RSNG-Kongress 2009 – Evolutionsbiologie im Darwinjahr

Weder atheistisch noch theistisch

Als Darwinbiografin war die Tübinger Philosophin Eve-Marie Engels prädestiniert für den Eröffnungsvortrag. Engels konnte zeigen, dass die heutigen Konflikte um Darwinismus und Intelligent Design ihre Wurzeln bereits im 19. Jahrhundert haben und vieles von Darwin bereits vorweggenommen wurde. Unmissverständlich wies Engels dabei darauf hin, dass sich Darwin selbst – anders als manche seiner Rezipienten – weder atheistisch noch theistisch vereinnahmen lässt: „Darwin hat nicht den Anspruch erhoben, theologische oder metaphysische Fragen beantworten zu können und er hat nicht den Anspruch erhoben, die Nichtexistenz Gottes zu beweisen.“ Darwin kannte offenbar die erkenntnistheoretischen Grenzen seiner Wissenschaft sehr genau.

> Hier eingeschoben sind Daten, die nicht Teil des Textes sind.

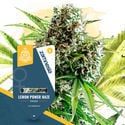 Fruity Pack – Variedades Feminizadas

Grenzen der heutigen Evolutionstheorie

Um die Grenzen der heutigen Evolutionstheorie ging es dem Evolutionsforscher Michael Gudo. Als Vertreter der so genannten Frankfurter Evolutionstheorie wies er einen überzogenen Erklärungsanspruch der Selektionstheorie zurück. Mit dem Schlagwort „Evolution ohne Anpassung“ hob Gudo die Bedeutung der inneren Faktoren von Organismen bei der Gestaltung ihrer Lebensbereiche und Weiterentwicklung hervor. Damit werden auch vormenschliche Lebewesen als „intentionale Akteure (Mitspieler) bzw. Subjekte der Evolution“ verstanden. Das Interessante an dieser Ausprägung der Evolutionstheorie ist, dass sie durch ihre Betonung der ‚Autonomie’ der Organismen gut mit dem naturphilosophischen Programm Whiteheads korreliert werden, der allen Entitäten einen (analog) psychischen Pol zuerkennt.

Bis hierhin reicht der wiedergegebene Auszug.